-- Task data --
....
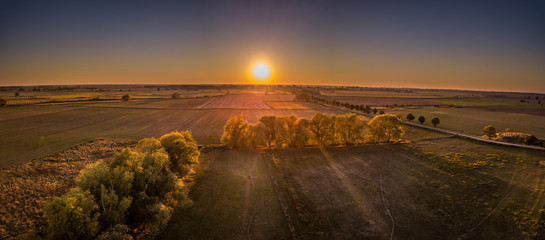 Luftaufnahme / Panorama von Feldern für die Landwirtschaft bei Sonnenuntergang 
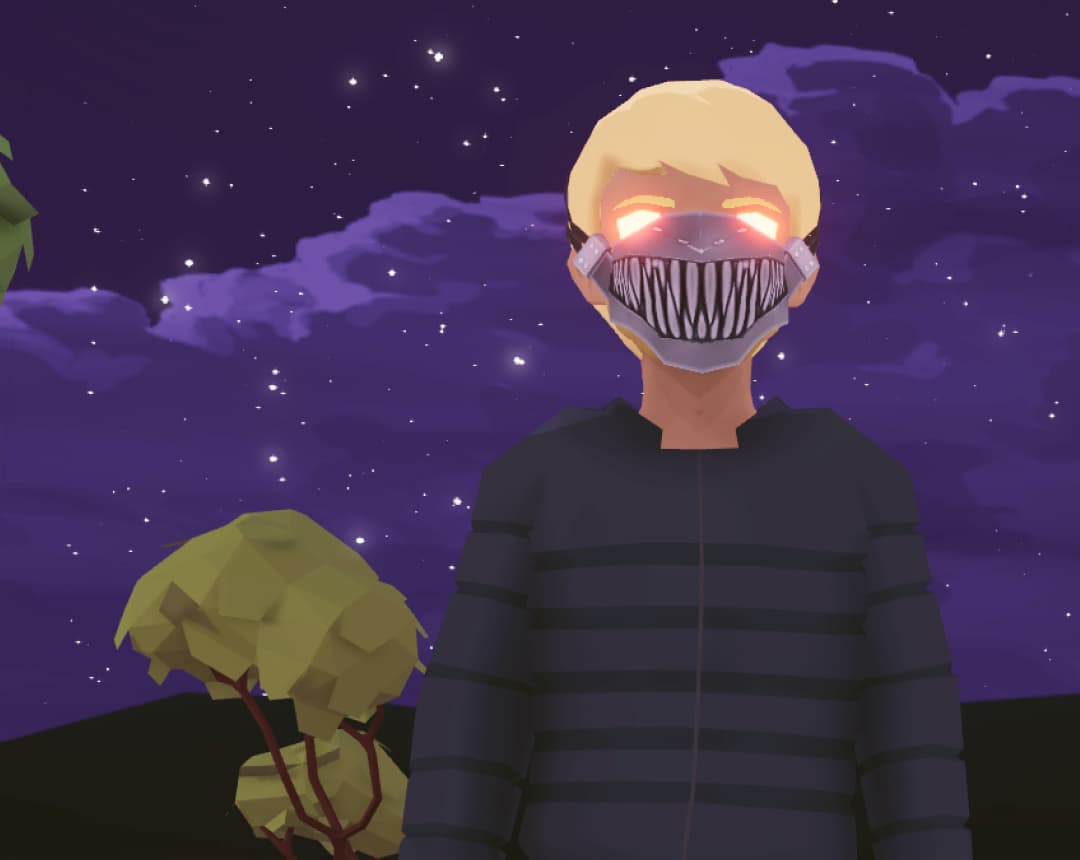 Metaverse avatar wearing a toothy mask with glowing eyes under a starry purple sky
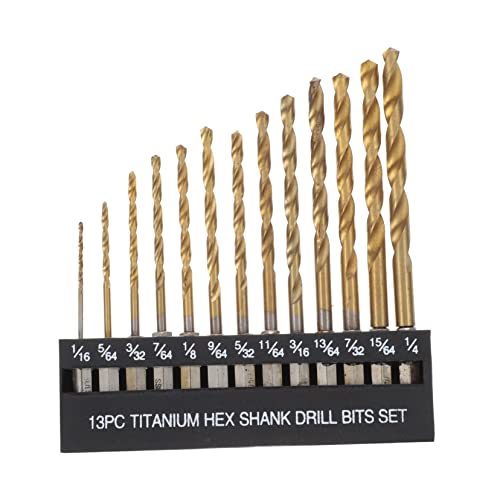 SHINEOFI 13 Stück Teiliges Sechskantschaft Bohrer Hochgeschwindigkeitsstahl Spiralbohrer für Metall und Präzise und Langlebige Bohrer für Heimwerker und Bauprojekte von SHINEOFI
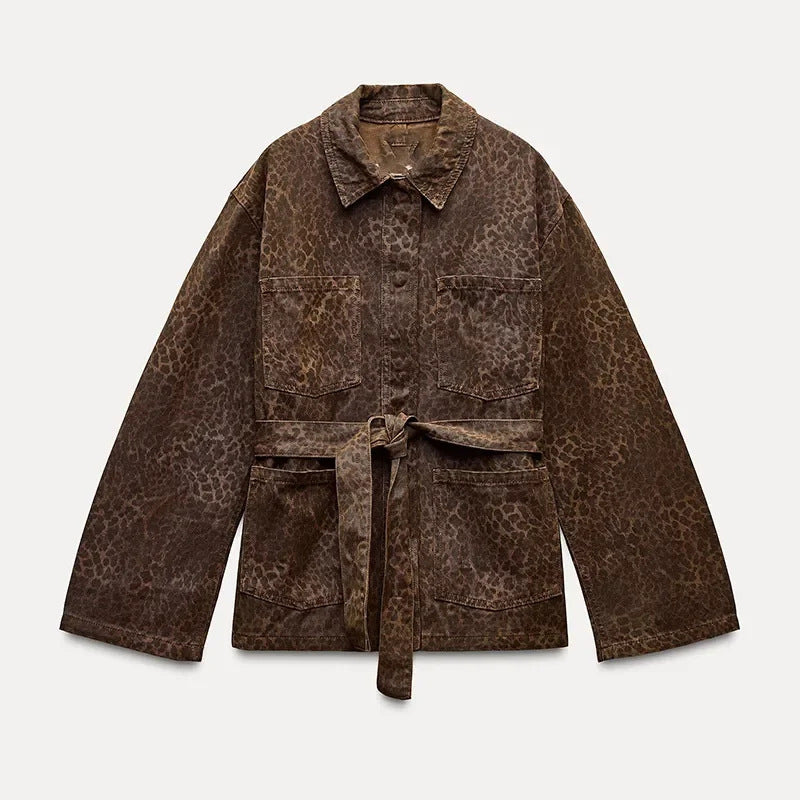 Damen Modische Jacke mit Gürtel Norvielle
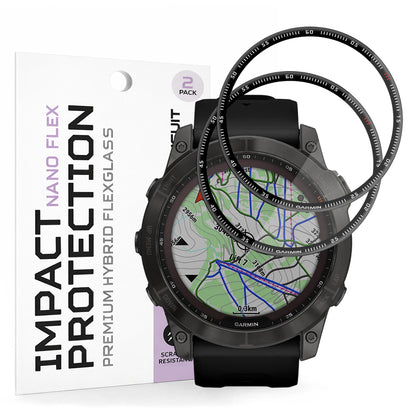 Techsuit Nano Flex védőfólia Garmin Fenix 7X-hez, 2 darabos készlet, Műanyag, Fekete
....
-- Requirement --
Please write out every line of the listing above exactly, and leave the images behind.

-- Worked solution --
 Luftaufnahme / Panorama von Feldern für die Landwirtschaft bei Sonnenuntergang 
 Metaverse avatar wearing a toothy mask with glowing eyes under a starry purple sky
 SHINEOFI 13 Stück Teiliges Sechskantschaft Bohrer Hochgeschwindigkeitsstahl Spiralbohrer für Metall und Präzise und Langlebige Bohrer für Heimwerker und Bauprojekte von SHINEOFI
 Damen Modische Jacke mit Gürtel Norvielle
 Techsuit Nano Flex védőfólia Garmin Fenix 7X-hez, 2 darabos készlet, Műanyag, Fekete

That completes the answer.